Since 1973, more than 170 people who have been sentenced to death have later been exonerated. Support for capital punishment has been waning because of public understanding that the criminal justice system is vulnerable to mistaken or fabricated testimony, incompetent defense lawyers, police or prosecutorial misconduct, and racial bias, said Meltsner.

“The death penalty in the United States has always been historically affected by race,” said Meltsner, who helped launch the anti-capital-punishment movement in the 1960s when he was first assistant counsel of the NAACP Legal Defense Fund

Black people make up 13 percent of the U.S. population, but they represent more than 40 percent of the inmates currently on federal death row.
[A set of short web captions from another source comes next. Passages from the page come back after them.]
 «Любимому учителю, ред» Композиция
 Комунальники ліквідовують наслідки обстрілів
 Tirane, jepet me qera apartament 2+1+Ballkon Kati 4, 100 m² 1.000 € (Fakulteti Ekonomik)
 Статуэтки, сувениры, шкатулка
The race of the victim can be as significant as that of the accused: A groundbreaking study by David C. Baldus found that cases involving the murder of white people were four times more likely to result in death sentences than when the victims were Black.

Overall, three-fourths of U.S. executions involve white victims—even though white people are murdered as often as Black people, according to a study by the Death Penalty Information Center.

In Black Deaths Matter: The Race-of-Victim Effect and Capital Punishment, an article that Medwed plans to publish later this year, he expresses hope that the Black Lives Matter movement may lead to constructive changes in capital punishment laws.

The death penalty has been shown to not be a deterrent to murder, Meltsner and Medwed said.

“The vast majority of murderers are not acting rationally,” Meltsner said. “And even if you were, you would still not be deterred, because the number of persons executed has always been trivial compared to the number of eligible homicides.”